All through my childhood there was a bottle of Tabasco in the pantry. The same bottle, for years and years, like an old friend with a yellowing label.
I don't consider myself a hot sauce fiend, of course, but somehow we've got through a bottle in the ten months we've been in Aberdeen.
Mysteries of the frozen north.

7.4.11

Lemon Muffin


Last weekend in Spain I saw my two friends called Paula. Both complained about recipes in this blog, which , as every blogger knows, is thrilling, since it means that your friends read your blog.


So, to start, I´ll try to address Paula F´s complaint first. The lemon muffins-cupcakes-madalenas, call them what you will.

It has been my arduous duty to make these winsome little cakes several times over the past few days, in different ovens, even, and all I can say is, I have no idea what can have gone wrong in Paula´s kitchen. These babies practically make themselves.
Maybe it was all due to The Fear. Cakes, like dogs, can smell it, and will bite given the chance, so here is some cake advice:

1- be confident but
2- be obedient. this is not where you splash merrily around and substitute ingredients and quantities to suit your prophetic soul.
3- this means, be attentive to measurements. I posted the recipe using volume measures, and they can be notoriously wayward, so here is one in grams, all nice and tidy.
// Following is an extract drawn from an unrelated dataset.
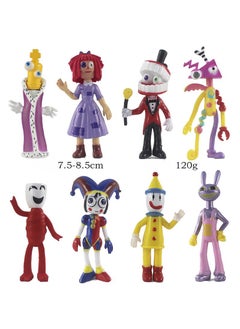 General 8 Pcs The Amazing Digital Circus Toy Set Ideas Toys Popular Cartoon Anime Model Ideas Toys Gifts for Adult & Kids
However, if you have no scales (though you should) and want to use cup measures, note that I use a set of cups that is marked 1 cup 250 ml, 1/2 cup 125 ml, etc.
4- do not overbeat. Be gentle. An unhurried few strokes, just enough to make the flour dissappear, even if there are lumps, will be enough.
5- if you have a muffin tin, then don´t bother with the paper. a little butter and flour will mean you don´t lose the crunchy outside.

These are the measurements in weight, which is more consistent and easier, if you have a scale.

Lemon Cupcakes

The measures are in cups, but for Spanish eyes, half a cup is 125 ml, or the size of a normal yogurt.

180 grams of flour
100 brown sugar
100 caster sugar
125 ml natural yogurt
1/2 teaspoonful baking powder
pinch of salt
zest and juice of one big lemon
2 eggs
75 gr. butter, melted or really really soft

Preheat oven to 180ºC and put muffin cases in tin (12)

Measure out the flour, salt, baking powder and sugar in one bowl.
In a bigger one, mix the butter, eggs, yogurt and lemon.
Tip the dry stuff into the big bowl and mix, with a very light hand. Better have lumps than overbeat.

Spoon the mixture into the cups, and good luck to you if you think you can do it without spilling stuff between the paper and the tin. Don´t go above two thirds, although you won´t, if you´re dividing evenly.

Bake for 20 or so until golden and puffed up. They don´t rise an awful lot, and the texture is grainy and not feather light, but they are pretty awsome.

I usually sprinkle some icing sugar on top, but that is very much optional.


2.4.11

Bacon


Idea, originally uploaded by Lobstersquad.

We had banana pancakes this morning, with warm maple syrup and bacon. In the interests of health and saftey, since Pia was perched on a stool beside me at the stove, I microwaved the bacon.
It goes on a plate between paper towels and is blasted on high for two minutes then one minute then half minute bursts until crispy, depending on how much you're doing. This is by far the best method when you only need a couple of rashers for a sandwich.